*started 2011-09-11 and updated 2018-06-26*

- hydrograph
- chemograph
- duration curves

Lately, we have been researching and developing techniques of analyzing continuous water quality and hydrology data in order to explain hydrological and biogeochemical processes controlling stream chemistry in watersheds. One of the techniques in which we have applied to an entire year of water quality and hydrology data is a method that assesses how relatively reactive nutrient/sediment loading is to flow and the relative flashiness of a watershed. This method, referred to as load and flow duration curves, determines the percentages of the total load or Mass (Mk%) and volume of Water (Wk%) that occur in a percentage of the total sampling time, termed probability of occurrence.

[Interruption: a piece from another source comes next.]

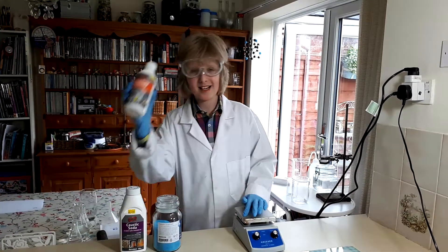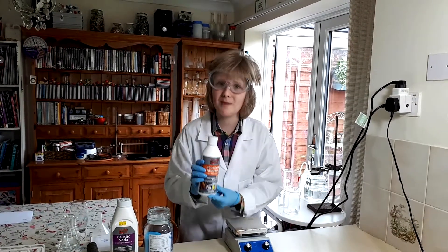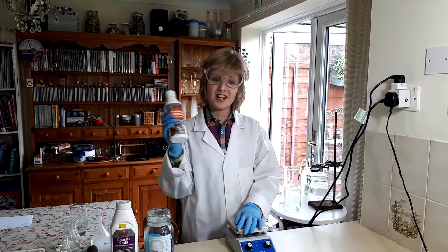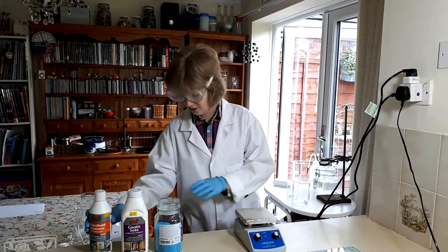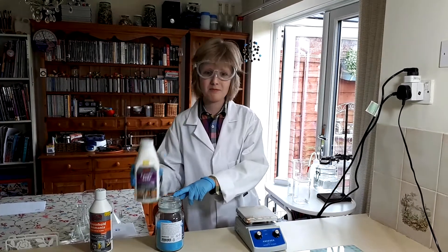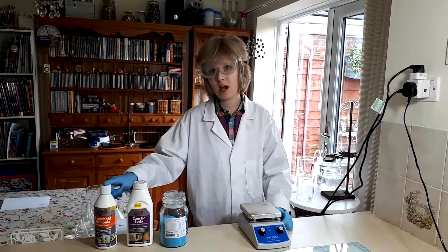You also need some ammonia. Do not omit this, however horrible the smell is. It is required for making this, and if you just add copper sulphate to sodium hydroxide it's really weird because it turns slimy green black. So do not omit this at all.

Mk% and Wk% duration curves can be plotted as a function of the probability of occurrence, which provides an interesting way of demonstrating how loading relates to flow and varies among water quality constituents. This method can also be applied to individual storm events to assess if there is a first flush response.

There are lots of great new (in 2017) plotting tools in R, such as `ggplot`

, `qqplot`

, or `plotly`

. These tools have developped to manipulate data as function of factors, parameter, etc. But as far as we can tell, they are not well designed for handling time series of different units. This is too bad because they are otherwise rather attractive. As a result, for continuous flow and concentration data, we are still forced to use the more basic `R graphics`

. But maybe me are missing something. In the meantime, it is important to be able to have some basic knowledge on how to plot continuous hydrographs and chemographs.

In the code below, we have added quite a bit of comments to explain what code line does what.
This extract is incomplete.